The Dove and I spoke about subliminal messages over lunch yesterday.
In the 1950s, during the Golden Age of movie-making, Americans were subjected to subliminal advertising, whereby the word 'POPCORN' would pop up onto the screen, just somma, in the middle of the movie.
Do subliminal messages work? Perhaps if you really make a point of doing it:
Dove: Would you popcorn like a popcorn cup of tea?
Peas: Beg pardon?
Dove: I said, would you pop popping popcorn a cup of popping tea, slapper?
Peas: I get that you want popcorn, but surely bombarding me with Taurettes-sounding ticks that ever-so-clearly convey the word 'popcorn' is unnecessary. All you actually have to say is, “I'd like some popcorn.”
Dove: So you mean to popcorn say that this message popcorn popcorn is not working, popcorn?
Peas: It's oracular bombardment.
Dove: Do you popcorn suggest I post popcorn Sticky Notes around your popcorn lounge advertising my popcorn insatiable appetite for popped kernels instead?
Peas: No. That's bombardment via Sticky Note.
Dove: How about I popcorn write a popcorn feature on popcorn and ask you to popcorn edit it? Or better – read through it and ask you every five seconds what you think? “There once was a girl who craved popcorn to the extent that she wanted to vomit.” Then I'd say, “What do you think?”

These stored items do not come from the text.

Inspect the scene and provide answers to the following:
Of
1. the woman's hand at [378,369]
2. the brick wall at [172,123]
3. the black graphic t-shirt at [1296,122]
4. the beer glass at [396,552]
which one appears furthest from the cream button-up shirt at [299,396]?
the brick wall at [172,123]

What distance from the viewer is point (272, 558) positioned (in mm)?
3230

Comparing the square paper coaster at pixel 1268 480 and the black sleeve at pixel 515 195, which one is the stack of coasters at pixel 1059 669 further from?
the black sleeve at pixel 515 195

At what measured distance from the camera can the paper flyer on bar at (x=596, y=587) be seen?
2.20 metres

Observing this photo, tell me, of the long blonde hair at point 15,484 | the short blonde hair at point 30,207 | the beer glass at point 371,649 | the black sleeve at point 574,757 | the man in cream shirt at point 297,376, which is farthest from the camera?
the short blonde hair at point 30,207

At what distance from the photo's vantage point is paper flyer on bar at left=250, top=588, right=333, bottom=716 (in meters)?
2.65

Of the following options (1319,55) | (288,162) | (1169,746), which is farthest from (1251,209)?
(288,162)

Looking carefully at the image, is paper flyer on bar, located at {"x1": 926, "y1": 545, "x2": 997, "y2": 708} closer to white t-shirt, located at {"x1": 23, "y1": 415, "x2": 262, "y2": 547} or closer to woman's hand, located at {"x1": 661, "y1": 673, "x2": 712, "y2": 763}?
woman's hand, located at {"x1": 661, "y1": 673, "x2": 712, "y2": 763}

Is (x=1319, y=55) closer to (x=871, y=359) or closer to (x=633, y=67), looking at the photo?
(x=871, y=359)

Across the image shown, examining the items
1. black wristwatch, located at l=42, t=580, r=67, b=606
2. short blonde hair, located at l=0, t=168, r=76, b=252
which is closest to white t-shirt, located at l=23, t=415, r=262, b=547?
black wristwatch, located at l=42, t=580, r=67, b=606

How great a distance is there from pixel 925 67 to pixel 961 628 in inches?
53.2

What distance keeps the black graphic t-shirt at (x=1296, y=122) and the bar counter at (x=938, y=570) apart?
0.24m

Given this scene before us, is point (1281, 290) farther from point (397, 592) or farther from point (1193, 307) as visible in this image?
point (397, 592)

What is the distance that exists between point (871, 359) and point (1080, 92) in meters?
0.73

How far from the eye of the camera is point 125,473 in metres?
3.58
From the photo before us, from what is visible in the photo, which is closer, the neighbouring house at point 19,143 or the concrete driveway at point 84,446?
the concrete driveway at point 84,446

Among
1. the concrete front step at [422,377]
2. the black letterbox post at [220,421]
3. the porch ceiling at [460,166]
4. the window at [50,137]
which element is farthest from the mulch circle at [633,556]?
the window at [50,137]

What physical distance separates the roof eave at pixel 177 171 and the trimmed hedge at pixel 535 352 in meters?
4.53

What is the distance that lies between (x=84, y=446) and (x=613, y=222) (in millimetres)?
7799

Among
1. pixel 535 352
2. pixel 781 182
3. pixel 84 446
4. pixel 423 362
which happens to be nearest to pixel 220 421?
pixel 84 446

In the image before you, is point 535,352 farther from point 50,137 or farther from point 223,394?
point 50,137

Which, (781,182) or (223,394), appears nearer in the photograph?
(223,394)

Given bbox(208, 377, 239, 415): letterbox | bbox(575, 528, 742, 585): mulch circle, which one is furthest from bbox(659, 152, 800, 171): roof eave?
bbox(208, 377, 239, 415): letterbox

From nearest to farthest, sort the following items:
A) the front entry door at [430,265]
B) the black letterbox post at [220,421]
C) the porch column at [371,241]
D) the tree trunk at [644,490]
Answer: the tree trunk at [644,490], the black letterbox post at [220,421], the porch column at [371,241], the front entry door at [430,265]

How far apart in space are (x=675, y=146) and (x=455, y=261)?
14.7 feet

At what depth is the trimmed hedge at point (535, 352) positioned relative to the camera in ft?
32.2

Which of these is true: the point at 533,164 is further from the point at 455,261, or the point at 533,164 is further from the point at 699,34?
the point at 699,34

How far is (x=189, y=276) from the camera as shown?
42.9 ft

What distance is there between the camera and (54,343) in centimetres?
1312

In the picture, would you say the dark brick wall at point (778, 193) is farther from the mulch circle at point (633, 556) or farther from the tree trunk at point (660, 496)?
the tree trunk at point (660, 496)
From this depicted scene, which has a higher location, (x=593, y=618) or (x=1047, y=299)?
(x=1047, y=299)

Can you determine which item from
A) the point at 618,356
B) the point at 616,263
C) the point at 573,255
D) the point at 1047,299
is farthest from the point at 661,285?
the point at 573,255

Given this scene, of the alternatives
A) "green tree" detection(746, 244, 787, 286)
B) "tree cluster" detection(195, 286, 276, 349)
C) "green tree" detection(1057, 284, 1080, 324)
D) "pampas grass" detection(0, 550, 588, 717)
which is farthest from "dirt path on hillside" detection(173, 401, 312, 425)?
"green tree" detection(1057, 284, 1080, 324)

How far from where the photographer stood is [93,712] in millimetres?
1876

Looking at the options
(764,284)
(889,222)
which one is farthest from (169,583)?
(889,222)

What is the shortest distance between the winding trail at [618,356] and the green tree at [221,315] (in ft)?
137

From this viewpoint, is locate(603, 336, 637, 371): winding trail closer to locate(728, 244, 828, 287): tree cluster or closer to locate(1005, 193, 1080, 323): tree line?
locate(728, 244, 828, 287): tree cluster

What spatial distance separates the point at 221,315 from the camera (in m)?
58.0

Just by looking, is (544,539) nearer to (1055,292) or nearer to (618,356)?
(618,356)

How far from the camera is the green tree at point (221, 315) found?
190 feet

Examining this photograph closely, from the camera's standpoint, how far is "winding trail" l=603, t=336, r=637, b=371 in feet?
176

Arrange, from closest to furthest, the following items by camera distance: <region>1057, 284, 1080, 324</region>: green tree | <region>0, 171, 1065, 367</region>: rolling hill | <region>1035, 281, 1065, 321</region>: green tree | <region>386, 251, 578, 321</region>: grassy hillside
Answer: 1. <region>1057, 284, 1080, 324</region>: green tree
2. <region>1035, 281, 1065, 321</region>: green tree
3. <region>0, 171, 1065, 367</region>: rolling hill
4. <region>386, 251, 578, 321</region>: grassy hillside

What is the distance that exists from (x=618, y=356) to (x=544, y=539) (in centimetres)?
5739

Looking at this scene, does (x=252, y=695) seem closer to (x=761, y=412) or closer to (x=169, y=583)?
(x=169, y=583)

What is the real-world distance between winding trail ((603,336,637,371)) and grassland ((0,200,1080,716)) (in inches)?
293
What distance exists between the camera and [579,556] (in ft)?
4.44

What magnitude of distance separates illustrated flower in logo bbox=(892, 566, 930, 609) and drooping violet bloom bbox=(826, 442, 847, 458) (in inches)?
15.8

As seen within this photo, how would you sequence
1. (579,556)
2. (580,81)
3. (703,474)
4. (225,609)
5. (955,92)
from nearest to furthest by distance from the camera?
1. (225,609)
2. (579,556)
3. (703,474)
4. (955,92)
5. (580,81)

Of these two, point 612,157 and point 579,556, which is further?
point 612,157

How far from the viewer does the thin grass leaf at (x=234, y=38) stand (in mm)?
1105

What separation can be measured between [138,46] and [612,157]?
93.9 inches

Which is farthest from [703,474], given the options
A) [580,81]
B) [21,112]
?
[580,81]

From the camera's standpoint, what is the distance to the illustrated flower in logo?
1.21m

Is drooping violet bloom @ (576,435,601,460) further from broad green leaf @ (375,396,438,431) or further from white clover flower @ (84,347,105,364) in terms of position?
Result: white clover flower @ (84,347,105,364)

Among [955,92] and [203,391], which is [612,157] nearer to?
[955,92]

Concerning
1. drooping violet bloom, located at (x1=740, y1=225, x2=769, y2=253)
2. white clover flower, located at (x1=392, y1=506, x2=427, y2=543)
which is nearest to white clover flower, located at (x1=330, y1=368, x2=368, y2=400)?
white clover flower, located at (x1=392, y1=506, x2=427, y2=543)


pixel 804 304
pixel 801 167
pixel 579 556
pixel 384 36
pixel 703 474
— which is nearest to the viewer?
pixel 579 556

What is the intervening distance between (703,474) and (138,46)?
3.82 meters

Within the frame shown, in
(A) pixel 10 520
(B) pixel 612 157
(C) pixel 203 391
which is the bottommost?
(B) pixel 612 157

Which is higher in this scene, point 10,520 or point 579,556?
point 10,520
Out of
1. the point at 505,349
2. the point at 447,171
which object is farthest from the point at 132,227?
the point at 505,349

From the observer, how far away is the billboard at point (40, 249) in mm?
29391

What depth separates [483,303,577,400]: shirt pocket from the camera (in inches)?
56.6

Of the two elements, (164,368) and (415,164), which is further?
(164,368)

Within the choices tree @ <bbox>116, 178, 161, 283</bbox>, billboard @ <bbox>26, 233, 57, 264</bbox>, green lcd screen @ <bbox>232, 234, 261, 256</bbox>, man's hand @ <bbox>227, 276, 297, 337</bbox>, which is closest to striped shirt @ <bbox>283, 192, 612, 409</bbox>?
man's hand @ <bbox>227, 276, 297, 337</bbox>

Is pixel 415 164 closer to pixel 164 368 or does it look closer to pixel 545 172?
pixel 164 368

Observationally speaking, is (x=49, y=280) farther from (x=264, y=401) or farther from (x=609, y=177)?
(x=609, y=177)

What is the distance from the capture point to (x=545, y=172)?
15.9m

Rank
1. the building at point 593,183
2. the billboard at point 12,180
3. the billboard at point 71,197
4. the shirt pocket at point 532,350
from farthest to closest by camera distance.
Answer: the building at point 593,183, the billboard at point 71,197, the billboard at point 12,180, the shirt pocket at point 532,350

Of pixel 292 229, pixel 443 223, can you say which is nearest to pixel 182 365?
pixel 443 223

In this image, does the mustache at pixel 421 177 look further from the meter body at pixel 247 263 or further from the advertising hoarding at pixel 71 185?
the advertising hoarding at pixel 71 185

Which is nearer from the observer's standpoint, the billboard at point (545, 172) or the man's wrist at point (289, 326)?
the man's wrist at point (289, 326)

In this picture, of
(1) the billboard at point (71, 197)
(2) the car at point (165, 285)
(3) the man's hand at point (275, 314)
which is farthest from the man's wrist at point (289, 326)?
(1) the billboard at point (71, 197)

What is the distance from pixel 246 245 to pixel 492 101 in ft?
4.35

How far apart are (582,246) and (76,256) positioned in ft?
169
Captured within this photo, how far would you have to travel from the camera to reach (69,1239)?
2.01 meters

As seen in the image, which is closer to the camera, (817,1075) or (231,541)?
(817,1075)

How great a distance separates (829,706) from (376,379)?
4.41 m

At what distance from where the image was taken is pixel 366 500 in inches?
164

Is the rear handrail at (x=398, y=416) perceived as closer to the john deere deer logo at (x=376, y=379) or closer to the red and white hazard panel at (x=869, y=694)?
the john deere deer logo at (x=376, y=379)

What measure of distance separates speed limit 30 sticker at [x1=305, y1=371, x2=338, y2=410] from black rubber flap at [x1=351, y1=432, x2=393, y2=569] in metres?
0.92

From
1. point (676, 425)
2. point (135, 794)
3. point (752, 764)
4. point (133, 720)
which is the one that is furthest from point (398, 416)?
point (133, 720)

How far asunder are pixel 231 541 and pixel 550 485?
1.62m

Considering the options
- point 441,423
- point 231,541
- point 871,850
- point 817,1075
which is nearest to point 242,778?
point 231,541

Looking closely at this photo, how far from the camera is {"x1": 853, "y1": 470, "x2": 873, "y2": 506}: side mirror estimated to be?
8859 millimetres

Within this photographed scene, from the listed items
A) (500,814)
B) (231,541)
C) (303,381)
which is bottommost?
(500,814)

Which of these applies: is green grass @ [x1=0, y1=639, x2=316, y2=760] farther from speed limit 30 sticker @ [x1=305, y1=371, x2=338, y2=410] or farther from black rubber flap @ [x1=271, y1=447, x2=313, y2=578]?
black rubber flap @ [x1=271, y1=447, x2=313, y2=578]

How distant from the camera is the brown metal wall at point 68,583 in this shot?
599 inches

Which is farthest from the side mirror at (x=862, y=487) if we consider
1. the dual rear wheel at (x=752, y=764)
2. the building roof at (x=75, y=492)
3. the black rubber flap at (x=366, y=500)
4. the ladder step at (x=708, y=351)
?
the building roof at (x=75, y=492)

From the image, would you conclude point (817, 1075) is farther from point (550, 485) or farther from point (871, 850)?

Peas: I have an idea. Let's go to Kung Fu Kitchen for some Chicken Foo Yong.
Dove: Popcorn fucking popcorn my god popcorn.
Where did this all come from? I have learnt one has to ask for things when one wants them. Straight up. No bullshit. I want an Audi A3. I want to be loved. I want to have zero new wrinkles when I turn 27 tomorrow. (Holy Jesus. 27. I'm going to cry.)
If I went to the Audi car dealership and said, “Hi there, Audi A3 want, isn't this a nice window display you have, Audi A3 mine? Vorsprung durch tecknik, Audi mine?” Do you think they'll give me a demo model? No.